Source data:
______
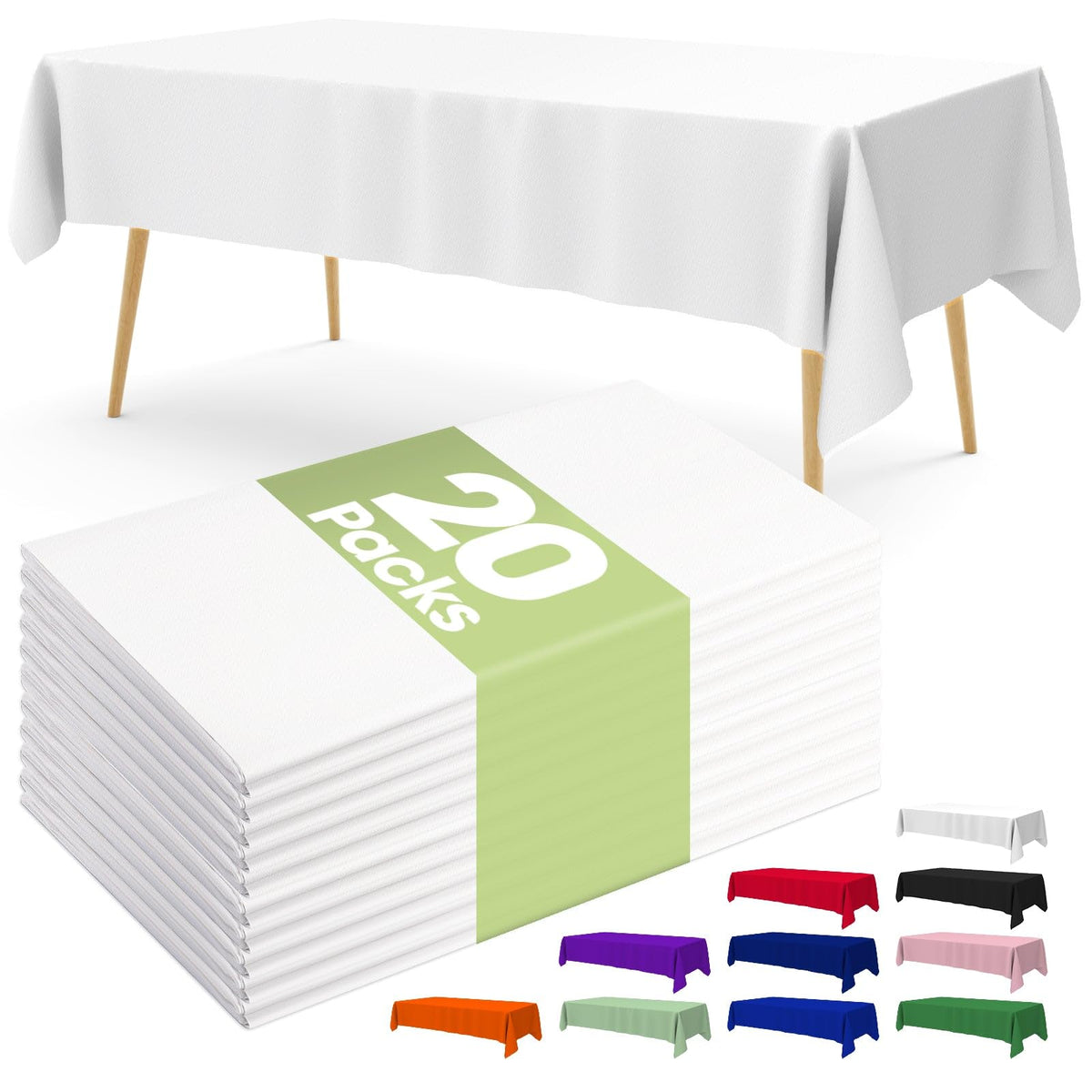 Mantel plástico descartable Pureegg blanco, 54x108 pulgadas, protección rápida para eventos.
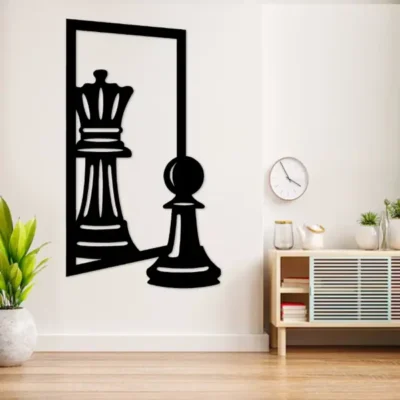 "Chess King Wall Art Premium MDF Wood Decor for Executive Office Interior".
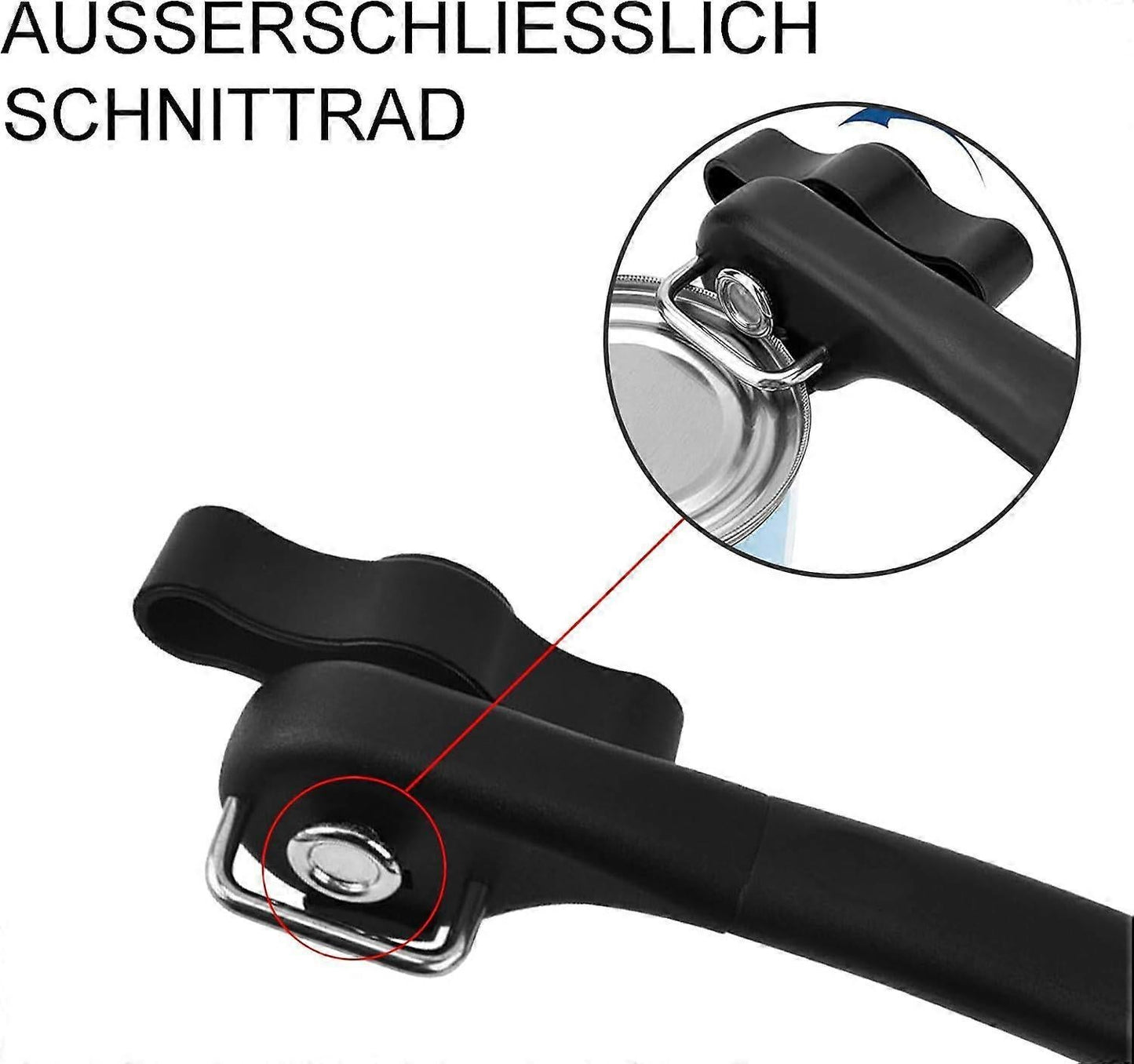 Manual Stainless Steel Can Opener, No Sharp Edges, Black, Restaurant & Kitchen Use V1263-JX-4918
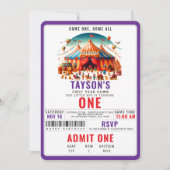 Modern Cute Circus Carnival Festival 1st Birthday 招待状 (正面)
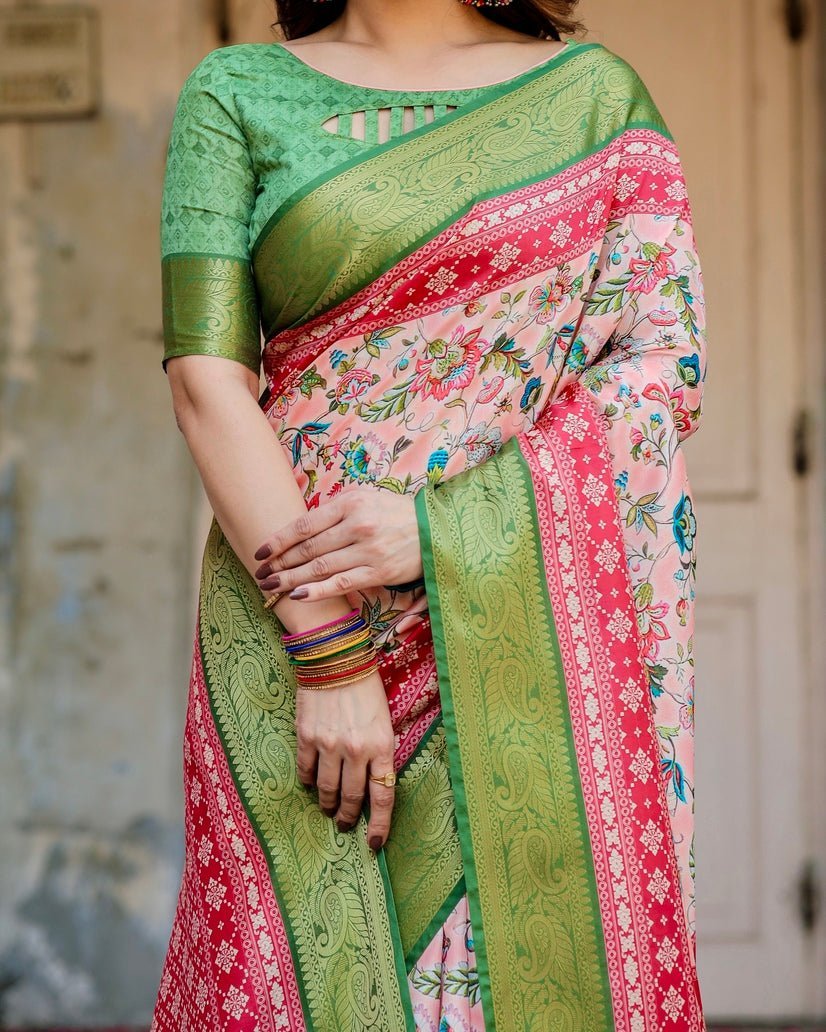 Pure Silk Digitally Printed Saree Weaved With Golden Zari Comes With Tassels - Almaari Fashion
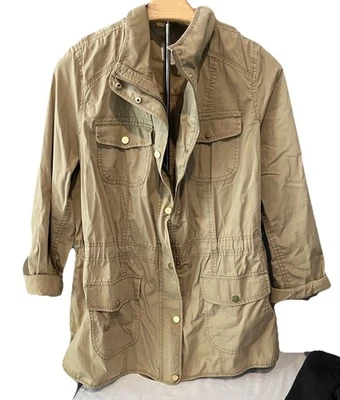 女式野战夹克外套卡其色尺寸 2x 军用风格米色棕褐色拉链 — 第 1/3 张图片
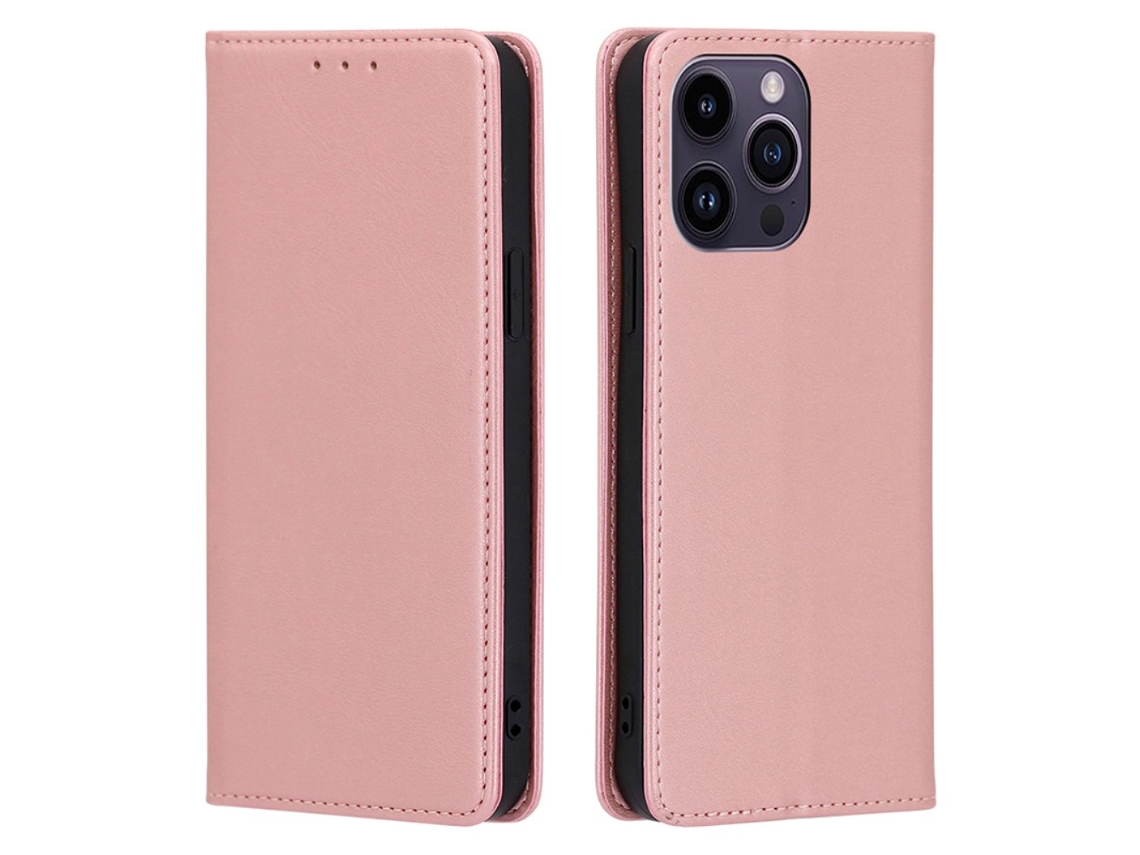 Capa Textura Gémeo Para Iphone 15 Pro Pele Sintética Anti-riscos Magnética Rosa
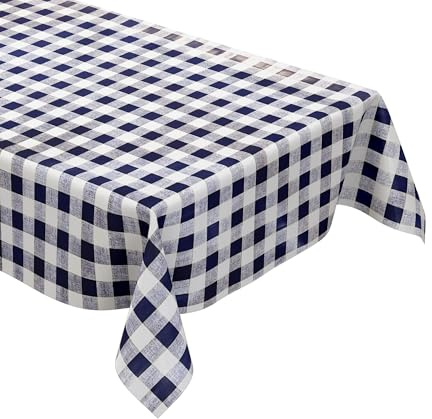 KEVKUS Wachstuch Tischdecke 84D blau kariert Karo Vichy wählbar in eckig, rund und oval - Größe eckig 100x140cm mit Paspelband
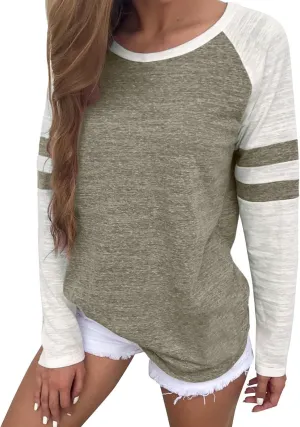 Tops Striped Long Sleeve Shirts for Women Color Block Baseball T-Shirt Crewneck Tops Casual Loose Tees
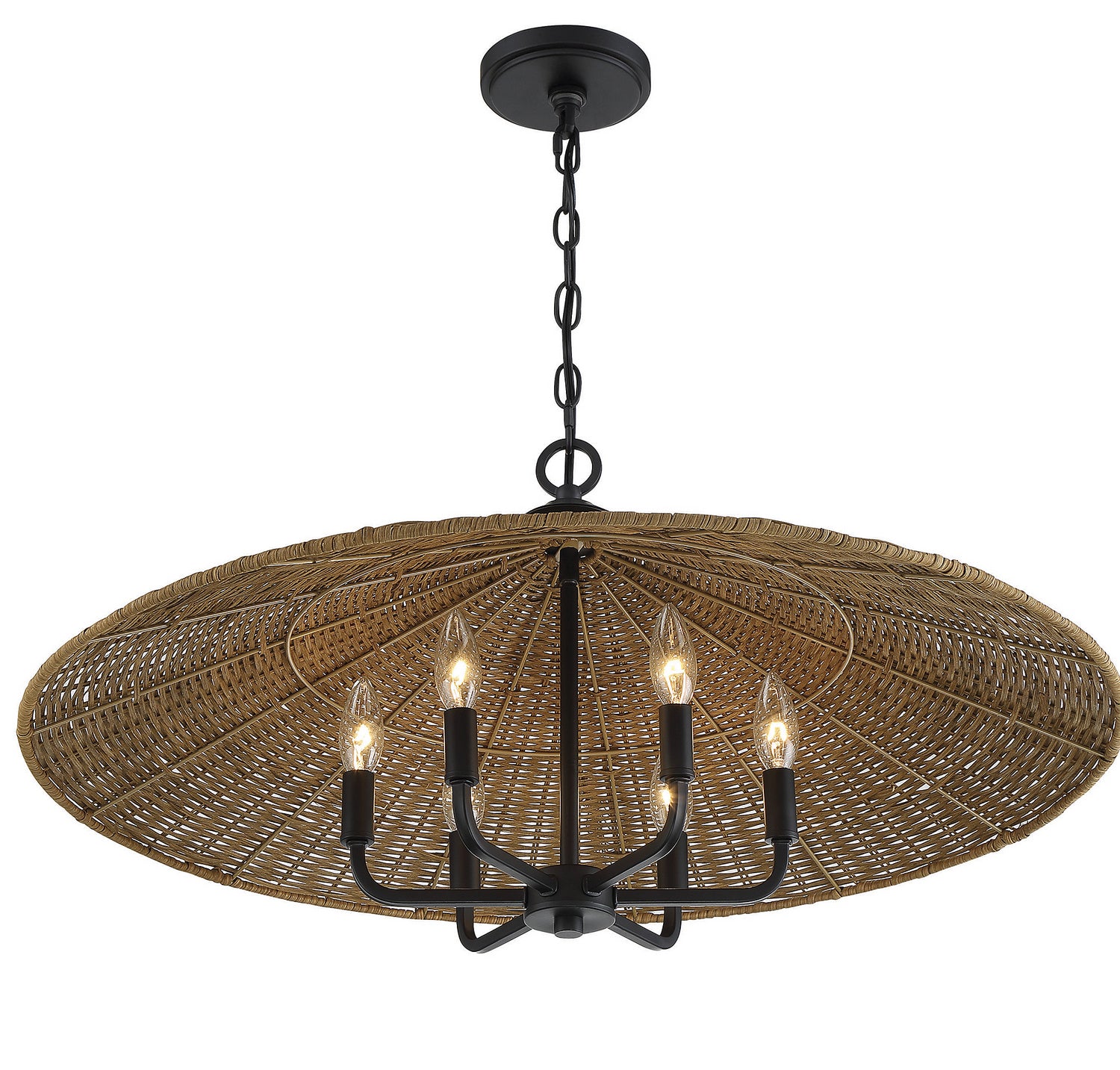 Savoy House - 7-7772-6-180 - Six Light Pendant - Eman - Matte Black with Dark Rattan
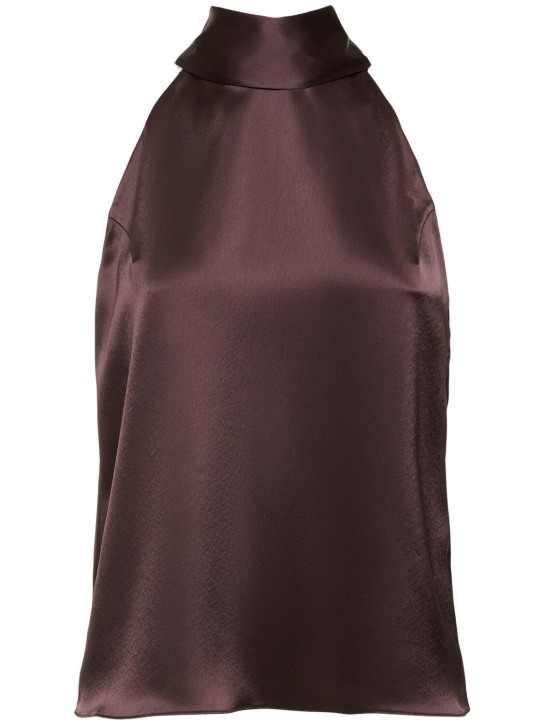 Galvan: Sienna satin halter top - Brown - women_0 | Luisa Via Roma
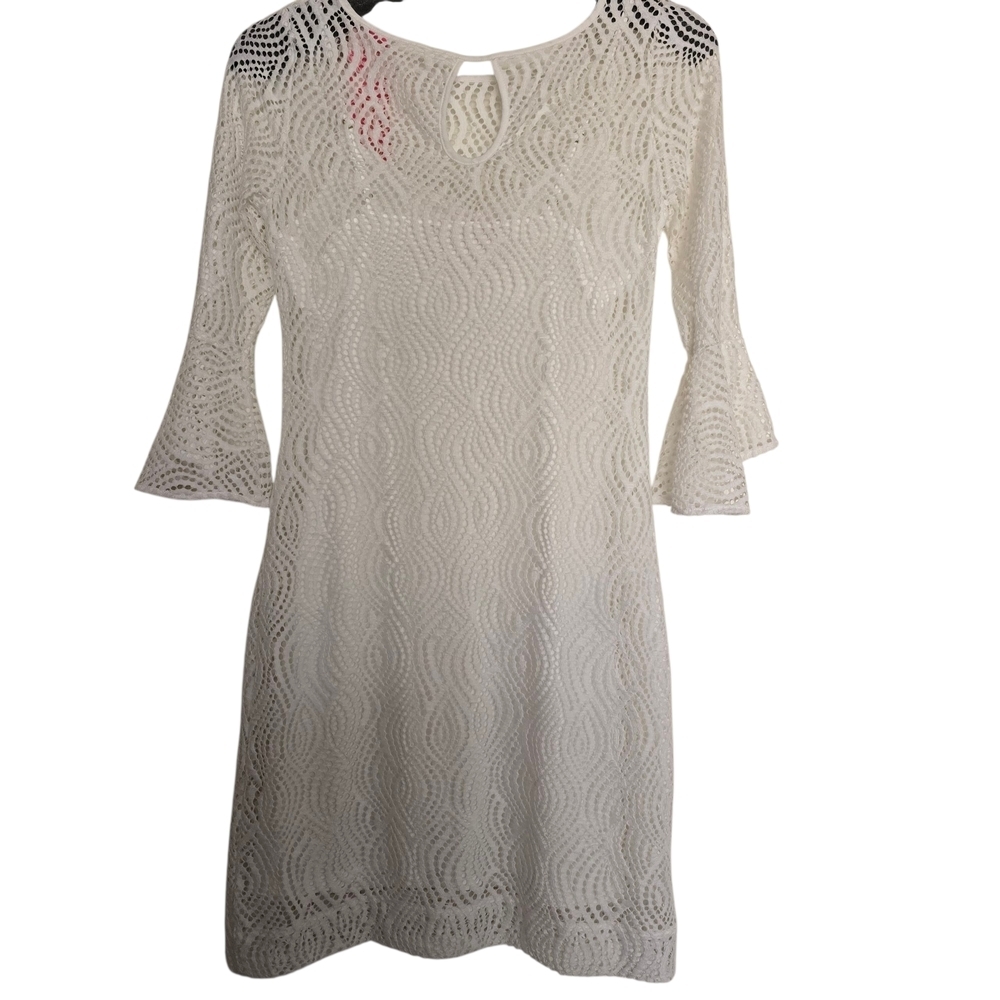 NWT Lilly Pulitzer Fontaine Flowing Leaf Elegant White Lace Dress - Picture 2 of 4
______
# What you should do
Each record above needs to be retyped exactly, without any pictures.

# Written answer
 Mantel plástico descartable Pureegg blanco, 54x108 pulgadas, protección rápida para eventos.
 "Chess King Wall Art Premium MDF Wood Decor for Executive Office Interior".
 Manual Stainless Steel Can Opener, No Sharp Edges, Black, Restaurant & Kitchen Use V1263-JX-4918
 Modern Cute Circus Carnival Festival 1st Birthday 招待状 (正面)
 Pure Silk Digitally Printed Saree Weaved With Golden Zari Comes With Tassels - Almaari Fashion
 女式野战夹克外套卡其色尺寸 2x 军用风格米色棕褐色拉链 — 第 1/3 张图片
 Capa Textura Gémeo Para Iphone 15 Pro Pele Sintética Anti-riscos Magnética Rosa
 KEVKUS Wachstuch Tischdecke 84D blau kariert Karo Vichy wählbar in eckig, rund und oval - Größe eckig 100x140cm mit Paspelband
 Tops Striped Long Sleeve Shirts for Women Color Block Baseball T-Shirt Crewneck Tops Casual Loose Tees
 Savoy House - 7-7772-6-180 - Six Light Pendant - Eman - Matte Black with Dark Rattan
 Galvan: Sienna satin halter top - Brown - women_0 | Luisa Via Roma
 NWT Lilly Pulitzer Fontaine Flowing Leaf Elegant White Lace Dress - Picture 2 of 4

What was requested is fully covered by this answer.